Cyclopropylcarbinyl (I) and cyclobutyl (II) mesylates were solvolysed in aqueous diglyme with or without added NaBH4 under a variety of conditions. The reaction products were isolated and analyzed by VPC. A mixture containing cyclopropylcarbinyl, cyclobutyl and minor quantities of homoallyl products, was obtained in all cases. The proportion of the unsaturated compound was greater in hydrocarbon than in carbinol products, the composition of the mixture depending upon reaction conditions and the starting mesylate. Thus, solvolysis of both I and II yielded cyclopropylcarbinol and cyclobutanol in a ratio of nearly 1:1, while in the hydrocarbon products methylcyclopropane predominated over cyclobutane by a factor of 3 in the reactions of I and by a factor of 2 in the reactions of II. It was shown that a direct displacement reaction of the BH4 ion on the primary mesylate I is not competitive with the solvolysis and cannot therefore be responsible for the above results. It was found that a better yield in hydrocarbons was obtained with I and II than with (1-methylcyclopropyl)carbinyl (III) and 1-methylcyclobutyl (IV) mesylates. The unexpected fact that the BH4- ion competes more efficiently with water for intermediates formed in solvolyses of I and II than for those of III and IV was confirmed by determination of competition factors of N3- ion vs water. In all cases, intermediates formed from I and II showed more discrimination in their reactions with reagents differing in nucleophylicity than did those formed from III and IV. The results indicate that the attack of the nucleophile occurs mostly on the ion pair formed in the rate determining step.

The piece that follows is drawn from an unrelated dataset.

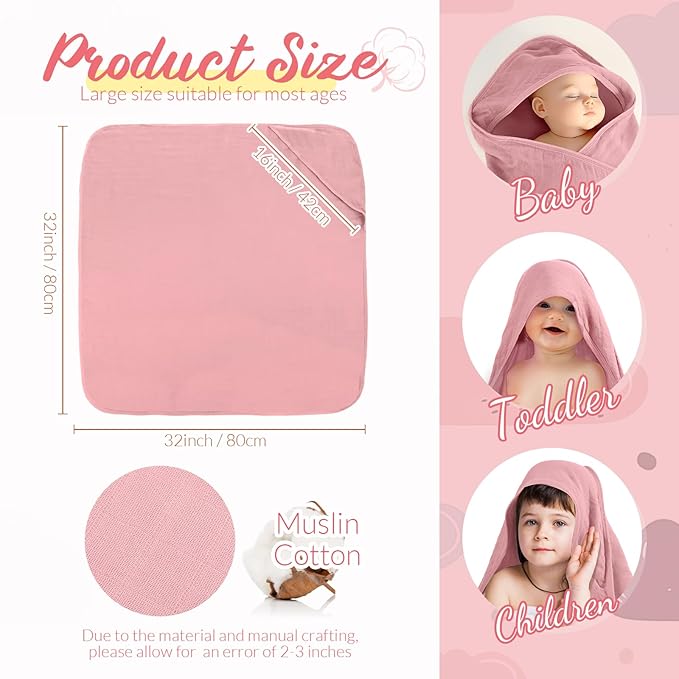 Preboun 6 Pcs Muslin Hooded Baby Towels and Washcloths 32"x 32" Cotton Newborn Bath Towel Anti-Shrink Infant Baby Blankets with Hood 12"x 12" Washcloths for Girl Boy Toddler(Pink,Dark Pink)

The latter reaction is apparently subject to reactivity relationships typical for a direct displacement reaction and not characteristic for free carbonium ions. These facts should be borne in mind when conclusions concerning the structure of carbonium ions are drawn from the composition and structure of solvolysis products. It is concluded that the ion pairs trapped by NaBH4 have different structures, depending upon the starting isomeric mesylate. It is shown that the formation of an equilibrating mixture of classical ions or ion pairs as intermediates in these reactions cannot account for experimental results. © 1969.